The desired effect of a drug is the effect that treats the patient’s symptoms or disease. In addition to the desired effects, drugs also can produce unwanted effects. When these unwanted effects are mild, they are called side effects and can include a myriad of symptoms such as dry mouth, headache, or nausea. However, these side effects also have the potential to be harmful or toxic and these are known as adverse effects. These adverse effects can be pharmacologic or dose related, meaning that giving an overdose of medication leads to toxic effects. Drugs with a narrow therapeutic index (ratio of LD 50 to ED 50) are more likely to cause adverse effects due to overdose. For example, in anesthesiology, opioid medications (e.g., fentanyl and morphine) are commonly used to treat pain in the perioperative period. Opioids have a dose-related adverse effect of respiratory depression. Therefore, if too high a dose is given to a particular patient, the patient’s respiratory rate will decrease and he or she may stop breathing.

Adverse effects are also related to lack of selectivity of drugs for the desired target. The target may be one organ or system, but the drug has the ability to interact with receptors all over the body, which may produce adverse effects in other organs. One example of this would be β antagonists, which is a drug commonly used in anesthesiology to treat tachycardia and hypertension. β receptors are located all over the body, and blocking all of these receptors may have adverse effects in other systems, such as triggering bronchospasm in patients with reactive airway disease.

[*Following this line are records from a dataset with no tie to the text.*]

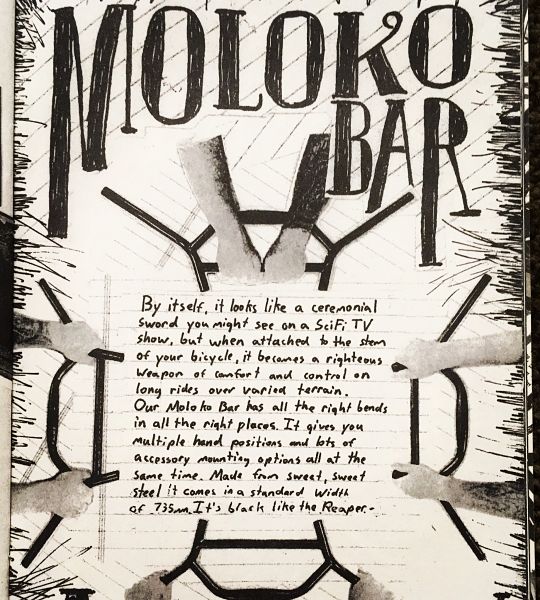 Front view of a paper ad for the Surly Moloko Bar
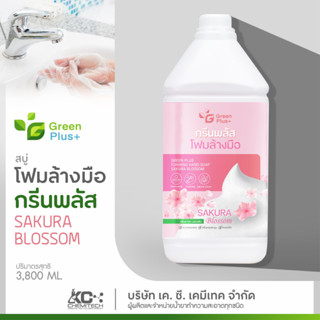 โฟมล้างมือ กรีนพลัส ฟองโฟมนุ่ม หอมสะอาด ฆ่าเชื้อแบคทีเรีย 3800 ml แบบเติมสุดคุ้ม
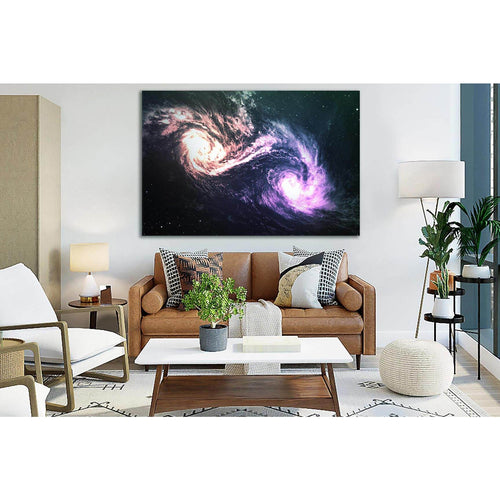 Two Galaxies In Deep Space №SL400 - Canvas Print / Wall Art / Wall Decor / Artwork / Poster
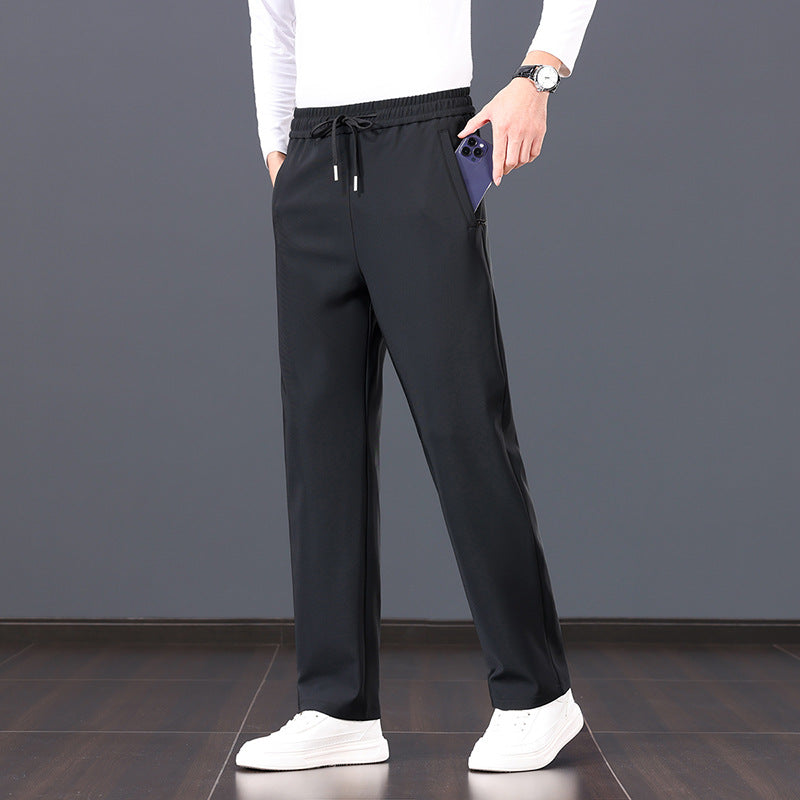 Herren elastische Freizeithose mit Tunnelzug, geradem Bein und verdeckten Reißverschlusstaschen EB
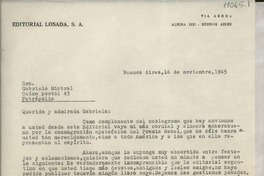 [Carta] 1945 nov. 16, Buenos Aires, [Argentina] [a] Gabriela Mistral, Petrópolis, [Brasil]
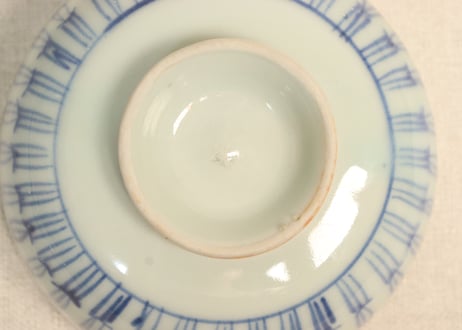 江戸中期染付木賊文蓋茶碗 蓋シミ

Adverse effects can also occur as a result of the metabolism of the drug. If drug breakdown produces a toxic metabolite, this can lead to adverse effects. In an acetaminophen overdose, enzymatic pathways are saturated, and a reactive toxic metabolite is formed, leading to liver injury.

Allergic reactions to drugs are another form of adverse effect, the most severe being anaphylaxis, which is an immediate hypersensitivity reaction. In an anaphylactic reaction, the drug antigen activates the patient’s immune system, causing mast cells to release histamine via an IgE-mediated response. This leads to edema, vasodilation, hypotension, and shock.

When the causes of adverse effects of a drug are not dose related or are unclear, they are called
idiosyncratic reactions and may be due to individual patient characteristics such as metabolism, receptor-drug interaction, immunologic factors, or a combination of multiple factors.